Le Maroc engage une transformation d’envergure de son système de permis de conduire. En misant sur l’intelligence artificielle et la digitalisation, les autorités marocaines entendent moderniser l’ensemble de la chaîne, de la formation à l’examen, en passant par la surveillance des infractions et la délivrance des documents.
Ce projet s’inscrit dans une ambition plus large : faire du Maroc un pays dont l’administration fonctionne avec les outils du XXIe siècle. Des simulations numériques pour l’apprentissage, des examens partiellement dématérialisés, des algorithmes d’analyse des comportements de conduite, autant d’innovations qui réduisent la corruption, augmentent l’objectivité des évaluations, et potentiellement améliorent la sécurité routière.
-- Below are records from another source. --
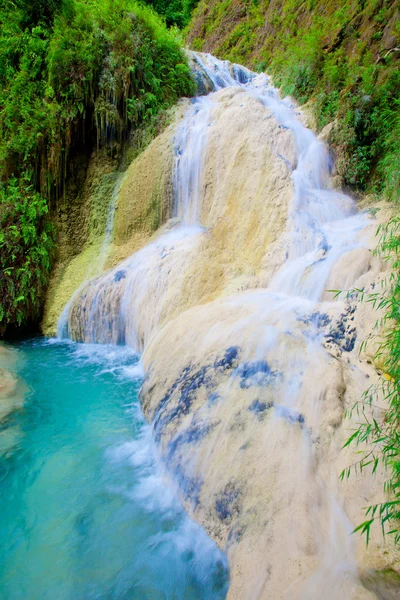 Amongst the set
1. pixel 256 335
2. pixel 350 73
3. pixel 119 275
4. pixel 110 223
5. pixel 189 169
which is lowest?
pixel 256 335

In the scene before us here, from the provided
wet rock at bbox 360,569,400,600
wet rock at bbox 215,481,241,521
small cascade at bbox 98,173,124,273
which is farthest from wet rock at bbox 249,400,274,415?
small cascade at bbox 98,173,124,273

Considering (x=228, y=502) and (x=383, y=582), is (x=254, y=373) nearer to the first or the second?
→ (x=228, y=502)

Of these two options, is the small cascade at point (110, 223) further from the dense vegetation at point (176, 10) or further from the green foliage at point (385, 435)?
the dense vegetation at point (176, 10)

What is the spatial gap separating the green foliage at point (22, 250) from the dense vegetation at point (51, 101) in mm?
20

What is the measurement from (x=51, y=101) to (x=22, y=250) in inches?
144

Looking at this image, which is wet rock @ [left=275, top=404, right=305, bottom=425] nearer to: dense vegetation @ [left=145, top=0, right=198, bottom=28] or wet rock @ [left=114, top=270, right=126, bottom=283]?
wet rock @ [left=114, top=270, right=126, bottom=283]

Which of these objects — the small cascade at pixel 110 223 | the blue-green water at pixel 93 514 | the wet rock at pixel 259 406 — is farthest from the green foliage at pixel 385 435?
the small cascade at pixel 110 223

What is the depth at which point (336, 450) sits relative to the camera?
111 inches

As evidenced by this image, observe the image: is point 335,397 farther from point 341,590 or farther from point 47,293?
point 47,293

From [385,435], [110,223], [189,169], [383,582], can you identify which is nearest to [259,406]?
[385,435]

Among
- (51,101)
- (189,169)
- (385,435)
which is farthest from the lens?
(51,101)

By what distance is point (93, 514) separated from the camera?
3279mm

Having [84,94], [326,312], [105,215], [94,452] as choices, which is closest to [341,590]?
[326,312]

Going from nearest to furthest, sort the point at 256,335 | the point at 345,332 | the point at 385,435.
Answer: the point at 385,435, the point at 345,332, the point at 256,335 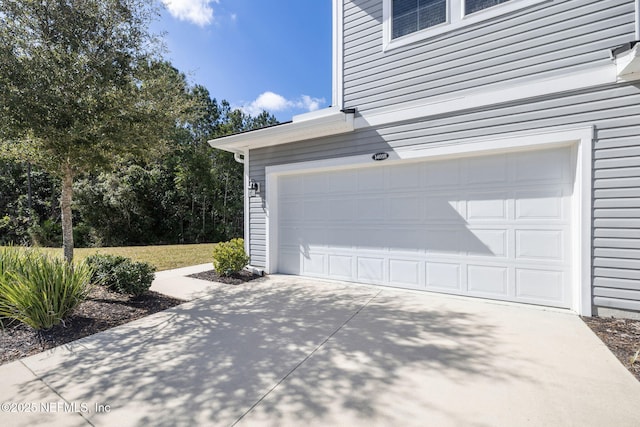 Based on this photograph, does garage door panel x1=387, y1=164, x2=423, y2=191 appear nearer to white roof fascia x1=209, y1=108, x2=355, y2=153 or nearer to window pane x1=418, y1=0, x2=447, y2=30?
white roof fascia x1=209, y1=108, x2=355, y2=153

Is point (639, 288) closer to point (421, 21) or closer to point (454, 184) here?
point (454, 184)

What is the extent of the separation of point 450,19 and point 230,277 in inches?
250

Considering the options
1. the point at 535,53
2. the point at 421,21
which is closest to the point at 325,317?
the point at 535,53

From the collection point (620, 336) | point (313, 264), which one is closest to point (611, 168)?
point (620, 336)

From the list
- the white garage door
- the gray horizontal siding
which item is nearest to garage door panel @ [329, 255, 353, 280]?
the white garage door

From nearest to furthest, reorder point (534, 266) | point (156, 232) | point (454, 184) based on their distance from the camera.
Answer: point (534, 266), point (454, 184), point (156, 232)

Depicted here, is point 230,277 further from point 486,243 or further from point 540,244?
point 540,244

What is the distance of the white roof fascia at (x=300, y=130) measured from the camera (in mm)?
5465

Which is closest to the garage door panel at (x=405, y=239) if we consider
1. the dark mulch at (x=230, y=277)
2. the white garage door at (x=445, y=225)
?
the white garage door at (x=445, y=225)

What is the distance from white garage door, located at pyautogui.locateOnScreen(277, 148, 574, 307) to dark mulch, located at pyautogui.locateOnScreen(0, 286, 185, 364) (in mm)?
2969

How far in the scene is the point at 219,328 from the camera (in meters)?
3.66

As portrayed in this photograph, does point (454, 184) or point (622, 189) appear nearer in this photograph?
point (622, 189)

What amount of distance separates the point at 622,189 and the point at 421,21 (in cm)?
395

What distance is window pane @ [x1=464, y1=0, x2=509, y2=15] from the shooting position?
453 cm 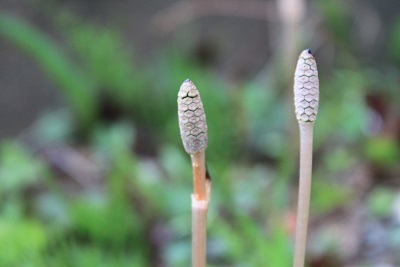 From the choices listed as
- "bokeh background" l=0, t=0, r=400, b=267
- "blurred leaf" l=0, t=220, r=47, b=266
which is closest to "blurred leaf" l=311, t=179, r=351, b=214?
"bokeh background" l=0, t=0, r=400, b=267

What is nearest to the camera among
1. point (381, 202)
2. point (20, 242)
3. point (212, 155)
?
point (20, 242)

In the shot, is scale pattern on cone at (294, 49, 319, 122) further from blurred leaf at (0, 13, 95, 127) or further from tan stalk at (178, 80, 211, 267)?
blurred leaf at (0, 13, 95, 127)

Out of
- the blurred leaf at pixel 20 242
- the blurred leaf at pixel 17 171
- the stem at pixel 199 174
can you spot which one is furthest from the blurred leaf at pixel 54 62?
the stem at pixel 199 174

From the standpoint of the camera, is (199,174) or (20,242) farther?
(20,242)

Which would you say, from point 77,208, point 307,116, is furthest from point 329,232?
point 307,116

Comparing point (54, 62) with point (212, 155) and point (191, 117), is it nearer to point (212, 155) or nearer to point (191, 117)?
point (212, 155)

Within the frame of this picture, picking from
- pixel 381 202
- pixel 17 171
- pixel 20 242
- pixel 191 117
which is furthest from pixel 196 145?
pixel 17 171

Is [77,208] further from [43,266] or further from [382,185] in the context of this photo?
[382,185] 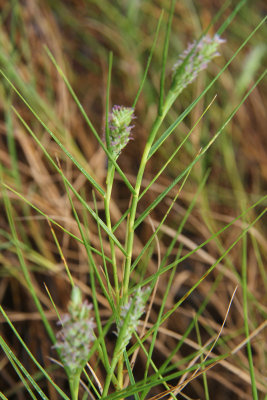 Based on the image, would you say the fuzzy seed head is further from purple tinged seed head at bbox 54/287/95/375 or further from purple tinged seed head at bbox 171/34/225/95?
purple tinged seed head at bbox 171/34/225/95

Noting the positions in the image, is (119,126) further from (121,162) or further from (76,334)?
(121,162)

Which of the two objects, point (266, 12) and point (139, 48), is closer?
point (139, 48)

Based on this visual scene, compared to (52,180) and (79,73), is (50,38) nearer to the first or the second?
(79,73)

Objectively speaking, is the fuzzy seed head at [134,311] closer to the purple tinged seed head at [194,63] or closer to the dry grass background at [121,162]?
the purple tinged seed head at [194,63]

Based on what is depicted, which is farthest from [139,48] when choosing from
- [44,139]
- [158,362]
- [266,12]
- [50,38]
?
[158,362]

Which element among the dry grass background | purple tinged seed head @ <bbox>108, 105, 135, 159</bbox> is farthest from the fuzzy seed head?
the dry grass background

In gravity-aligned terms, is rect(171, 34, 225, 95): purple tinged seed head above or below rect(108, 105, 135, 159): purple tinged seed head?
above

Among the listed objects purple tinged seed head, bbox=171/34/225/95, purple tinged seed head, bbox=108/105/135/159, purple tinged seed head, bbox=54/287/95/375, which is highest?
purple tinged seed head, bbox=171/34/225/95

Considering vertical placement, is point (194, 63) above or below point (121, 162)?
above

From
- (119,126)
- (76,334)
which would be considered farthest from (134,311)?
(119,126) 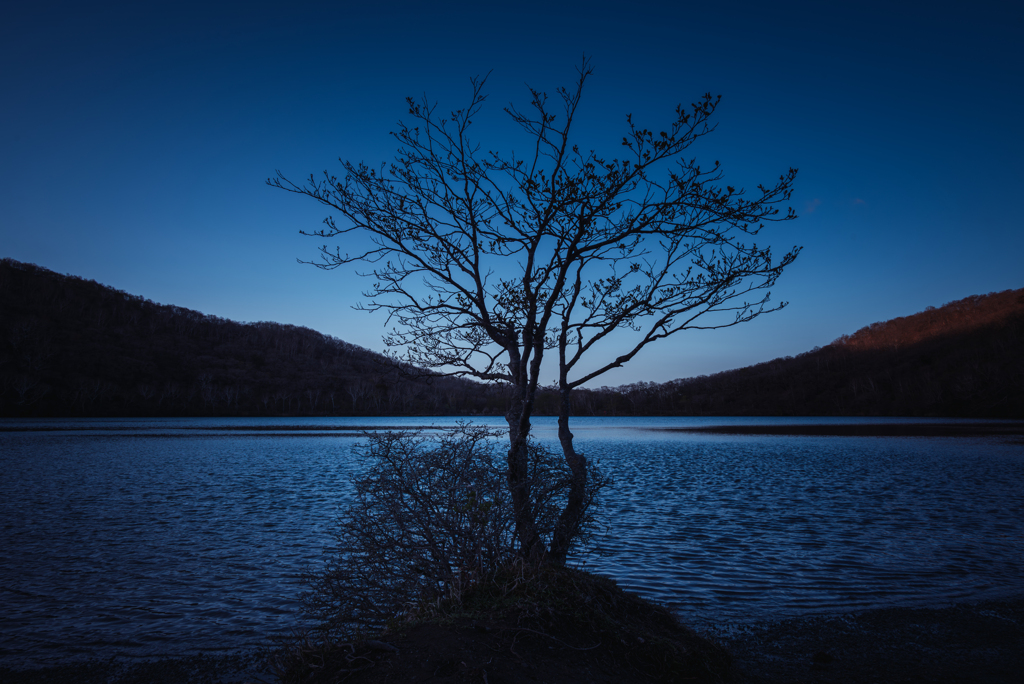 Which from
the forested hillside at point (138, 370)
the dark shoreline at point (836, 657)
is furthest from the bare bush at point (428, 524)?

Le contexte marocain est particulier. Le pays est l’un des plus mortels d’Afrique sur ses routes selon les statistiques de l’OMS, le Maroc compte parmi les pays africains avec le plus fort taux d’accidents mortels rapportés à la population. Réformer le permis de conduire, c’est donc aussi s’attaquer à un problème de santé publique majeur.
Le président ghanéen John Dramani Mahama affiche une ambition similaire dans son pays, voulant transformer en profondeur l’économie ghanéenne en misant sur une activité commerciale continue. Ces deux exemples ; Maroc et Ghana illustrent une même dynamique : des pays africains qui cessent d’attendre les technologies du Nord pour les adopter passivement, et qui commencent à les déployer de façon souveraine et adaptée à leurs réalités.